42 patients in a Belgian ITU


Hypernatreamia

Replace H20

Free water deficit calculator. Thats basically it. No such things as pseudohypernatreamia.

To excrete concentrated water ( i.e. not loose free water and push up your Na) a medullary concentration gradiant,ADH & responsive kidney (lithium/DI etc)

Intake: drinking the ocean, hypertonic saline, primary hyperaldo

If not thirsty - hypothalamic lesion?

DI & Polyuria

In patients with polyuria, diabetes insipidus is very unlikely if urine osmolality is >700 mOsmol/kg

nephrogenic - lithium, hypercalcamia hypoK, medullary cystic disease, sickle cell, ceongentical, post obstructive

Central - trauma, surgery, invasive, booze

Give 2-4 mcg ddavp SC and monitor uOSM & vol every 30 mins for 2 hours. if Uosm increases = concentrating urine = responding = central. can be blunted due to chronic washout if longstanding ( and thus harder to coentrated due to loss of gradiant). should increment by 50% to outrule nephrogenic.

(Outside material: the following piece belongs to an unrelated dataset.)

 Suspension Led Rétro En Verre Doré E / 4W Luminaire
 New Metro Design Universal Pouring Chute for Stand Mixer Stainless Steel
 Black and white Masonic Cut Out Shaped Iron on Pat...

  • Urine osm > 600 - concentrating ok, ?GI/other loss ? intake
  • Urine osm 300-600 - partal DI. ol, CKD, post obstructive
  • Urine osm = pOSM (~300) - osmotic diuresis? NB Urea is actually an effective osm in urine ( cant make it past tubular epithelium) in contrast to in the body!
  • Urine osm <pOSM - DI

Cerebral Salt wasting

May have high urinary Cl-


Nephrogenic DI

Paradoxical role for HCTZ

  • blockade of the Na-Cl cotransporter in the distal tubule leads to a decrease in GFR via Na/water secretion- > increased Na and water reabsorbotion in PT -> less delivery to CD where the concentratign issue is due to AQP issues
  • May increase AQP channels and ENAC
  • In Lithium induced DI , same paper showed reversal of downregulated AQP2 and increased DI

NSAIDs may help by reducing reducing the diuretic effect of renal prostaglandins

Key Papers


Nature Reviews Nephrology: DI.


Desalination
  • 22 women post uncomplicated gyne surgery - given saline / Hartmans. s[Na] dropped in 21/22.
  • Hyponatremia was generally caused by generation of electrolyte-free water during excretion of hypertonic urine-a desalination process. ADH at it again.


Sodium Restriction

Evidence for restriction, especially in people with a reasonable intake is pretty weak - K+ is likely more important

Sodium-HF

low salt dietary intervention in self reportedly low intake population with limited baseline info

TLDR: poorly executed study, stopped due to futility. Probably no role for intensive dietary intervention in pateints with reasonable sodium intake.